Kęstutis Keblys

Personal information
- Full name: Kęstutis Keblys
- Nationality: Lithuania
- Born: 2 March 1976 (age 50) Anykščiai, Lithuanian SSR, Soviet Union
- Height: 2.01 m (6 ft 7 in)
- Weight: 98 kg (216 lb)

Sport
- Sport: Rowing
- Club: Gaja Kaunas

= Kęstutis Keblys =

Lithuanian rower (born 1976)

Kęstutis Keblys (born 2 March 1976 in Anykščiai) is a Lithuanian rower. He represented his nation Lithuania, along with his double sculls partner Einaras Šiaudvytis, at the 2004 Summer Olympics, and has attained a fifth-place finish (6:29.790) at the second leg of the 2002 World Rowing Cup in Milan, Italy.

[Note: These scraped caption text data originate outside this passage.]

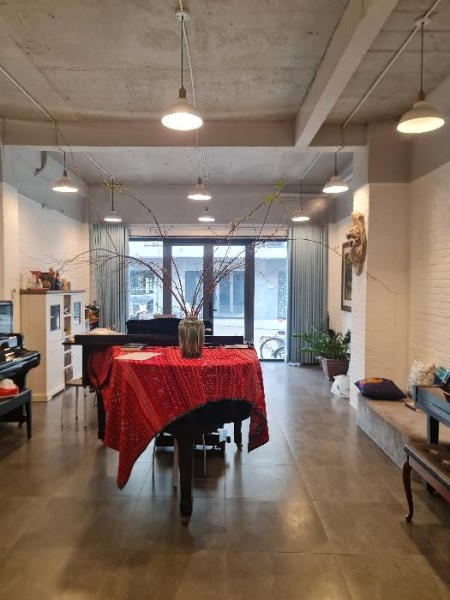 Bán Shop Ngã 4 Thành Trung - Thuận An, cửa sảnh chung cư 1500 hộ, 85m2, 14,5 tỷ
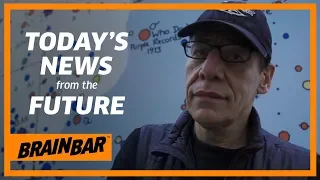 Today's News from the Future with Steve Fuller | Official Trailer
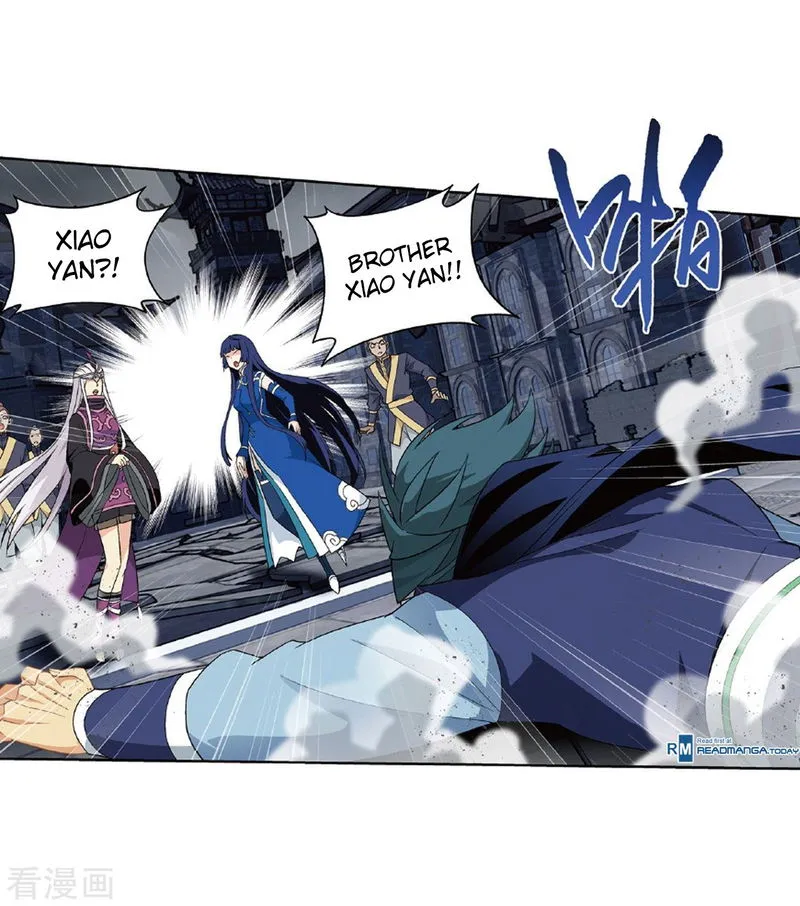 Battle Through the Heavens Chapter 262 Online - página 20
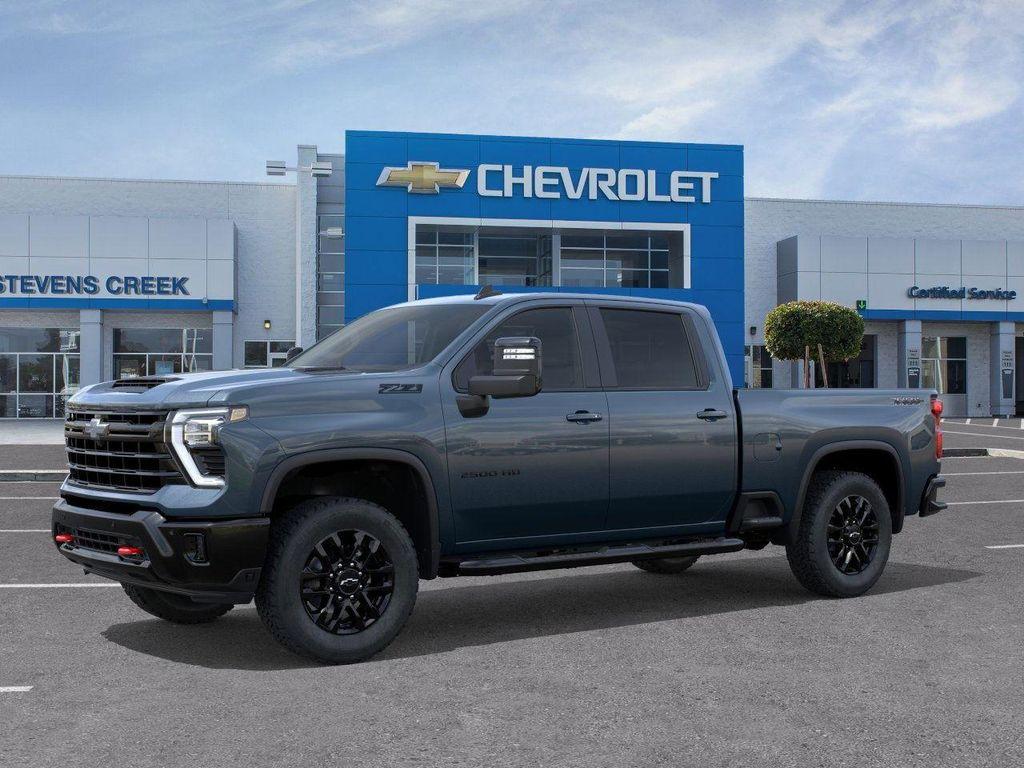 new 2025 Chevrolet Silverado 2500 car, priced at $71,372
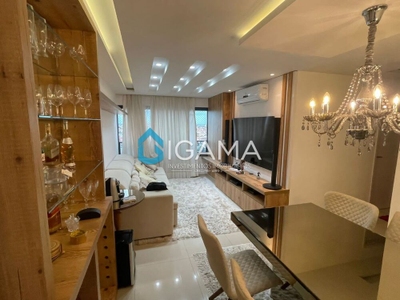 Apartamento, 3 quartos, 70 m² - Foto 1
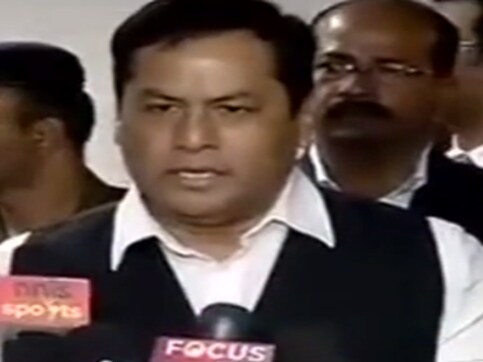 Congress demands SAI chief's resignation over suicide attempt by four athletes in Kerala Congress demands SAI chief's resignation over suicide attempt by four athletes in Kerala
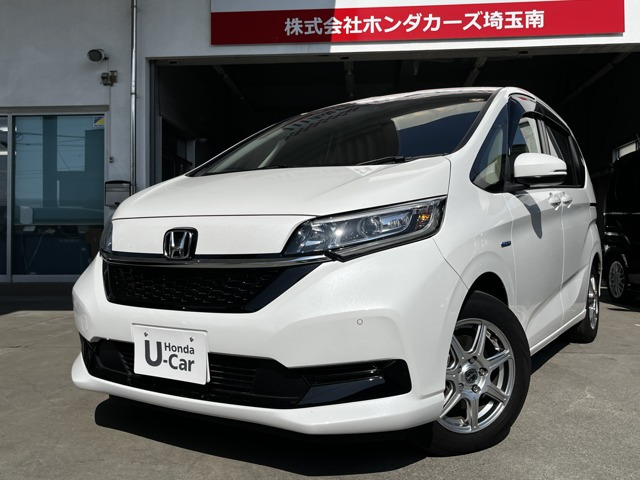 フリード+ 1.5 ハイブリッド G ホンダセンシング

Keblys qualified for the Lithuanian squad in the men's double sculls at the 2004 Summer Olympics in Athens by finishing fifth in the B-final and eleventh overall from the 2003 World Rowing Championships in Milan, Italy with an entry time of 6:28.380. Teaming with his partner Einaras Šiaudvytis throughout the series, the Lithuanian duo paddled their lifetime best of 6:24.56 for a fifth-place effort in a single repechage round, but failed to advance into the semifinals with only top three boats moving forward. Earlier in the prelims, Keblys and Siaudvytis trailed behind the other three boats in heat three by a wide, nine-second gap with a fourth-place time in 7:07.13.